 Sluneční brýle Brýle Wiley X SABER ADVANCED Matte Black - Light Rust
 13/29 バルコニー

==

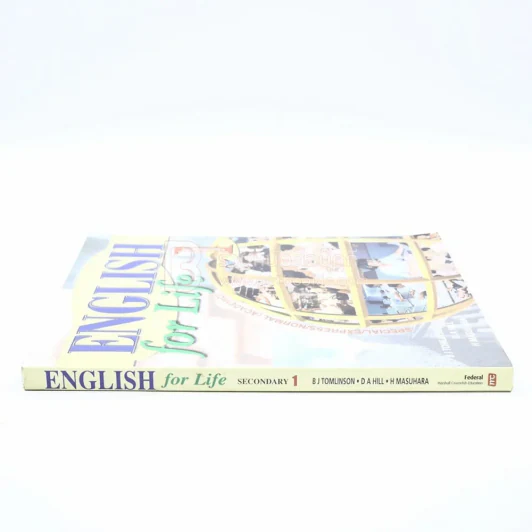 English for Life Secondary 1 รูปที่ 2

* * *

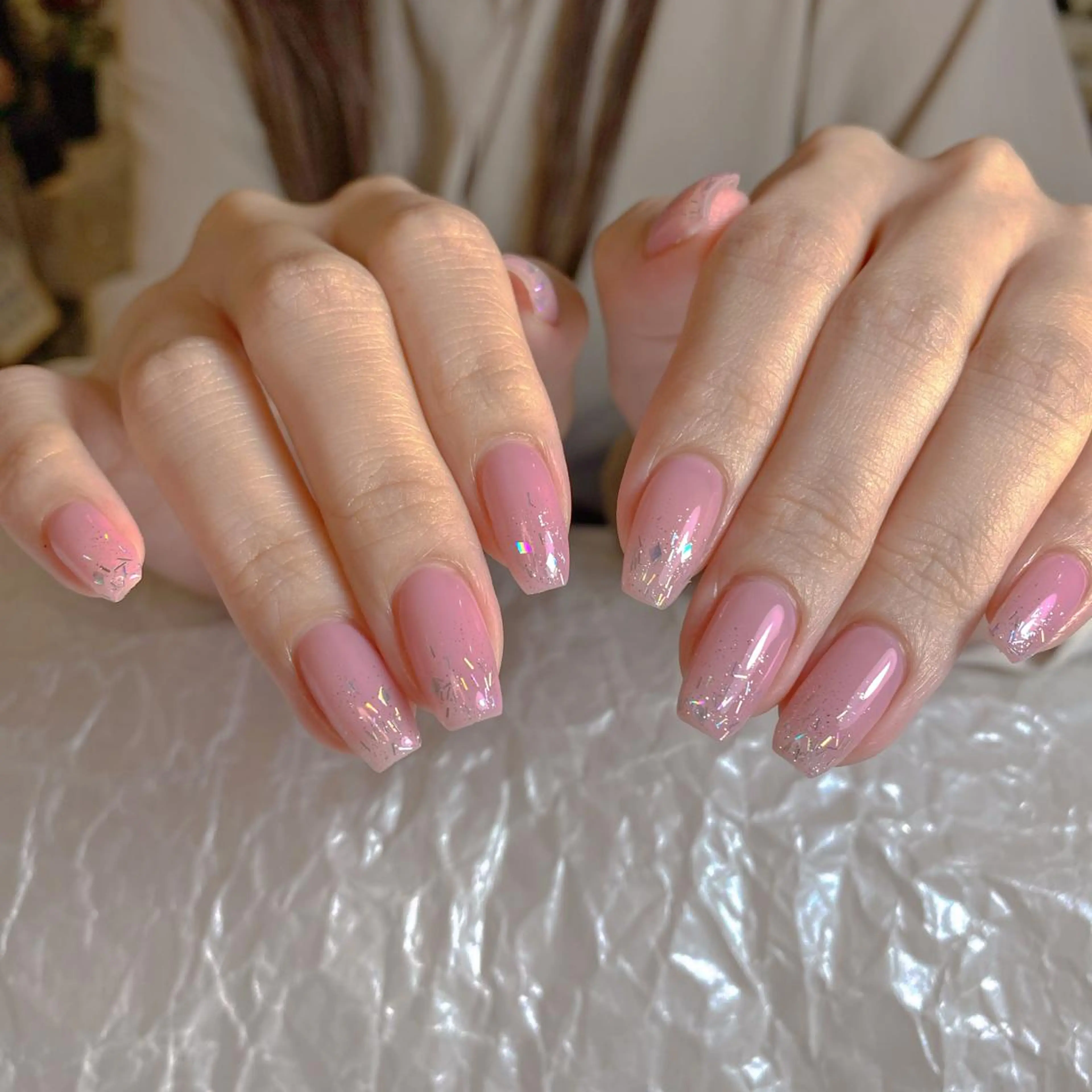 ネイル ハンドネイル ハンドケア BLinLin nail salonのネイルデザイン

# YOUR OBJECTIVE
Out of the data above, transcribe exactly and only the lines starting with the line that has "Sluneční brýle Brýle" and going on through the line that has "13/29 バルコニー", both included.

# SOLVED PROBLEM
 Sluneční brýle Brýle Wiley X SABER ADVANCED Matte Black - Light Rust
 13/29 バルコニー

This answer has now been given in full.